The journey, he said, would not have been possible without the woman who married him 20 years ago.
"Michelle, I never loved you more," he said.
"We are an American family who rise and fall together as one nation," he said.
"If you ever get a chance to talk to folks… you will discover something else… (you will) hear pride… deep patriotism from military spouses".
"That's why we do this. That's what politics can be... A nation of 300 million can be messy and complicated. When we make big decisions as a country, it necessarily stirs passions," he admitted.
"These arguments are mark of our liberty."
He said: "We want to pass on a country that is safe and respected…a nation that is defended by the strongest military on earth and the best troops that the world has ever known."
"We believe in a generous America, a compassionate America," said the Nobel laureate, who won the Nobel Prize for Peace in 2009.

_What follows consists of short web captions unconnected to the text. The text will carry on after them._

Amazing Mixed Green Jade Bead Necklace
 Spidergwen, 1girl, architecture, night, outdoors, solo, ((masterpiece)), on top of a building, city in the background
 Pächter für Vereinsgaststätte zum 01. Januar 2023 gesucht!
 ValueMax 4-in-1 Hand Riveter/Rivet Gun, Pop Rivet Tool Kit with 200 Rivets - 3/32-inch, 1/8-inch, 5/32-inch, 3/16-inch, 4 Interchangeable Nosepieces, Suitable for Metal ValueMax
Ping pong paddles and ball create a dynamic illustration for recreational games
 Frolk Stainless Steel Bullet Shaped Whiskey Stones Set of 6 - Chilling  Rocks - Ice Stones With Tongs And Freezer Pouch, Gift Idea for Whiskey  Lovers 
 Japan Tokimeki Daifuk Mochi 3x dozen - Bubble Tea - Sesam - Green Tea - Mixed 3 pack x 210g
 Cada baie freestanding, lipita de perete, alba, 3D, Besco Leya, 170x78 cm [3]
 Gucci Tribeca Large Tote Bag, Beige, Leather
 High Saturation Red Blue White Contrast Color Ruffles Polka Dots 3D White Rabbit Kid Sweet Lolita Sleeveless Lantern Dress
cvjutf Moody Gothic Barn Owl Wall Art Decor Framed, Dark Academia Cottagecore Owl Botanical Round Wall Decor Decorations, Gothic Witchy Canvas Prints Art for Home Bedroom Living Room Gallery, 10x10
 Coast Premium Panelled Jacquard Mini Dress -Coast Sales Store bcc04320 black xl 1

Romney said earlier that he had called Obama to congratulate him on his victory, adding that he prays "the President will be successful in guiding our nation”.
Buoyed by a slowly but surely recovering economy and a display of cool leadership during superstorm Sandy, Obama scored a decisive victory over Republican challenger Mitt Romney after a long, contentious and expensive election battle.
Obama had four years ago made history by becoming the first African-American to occupy the world's most powerful office with a promise of hope and change to a country in the throes of a deep recession.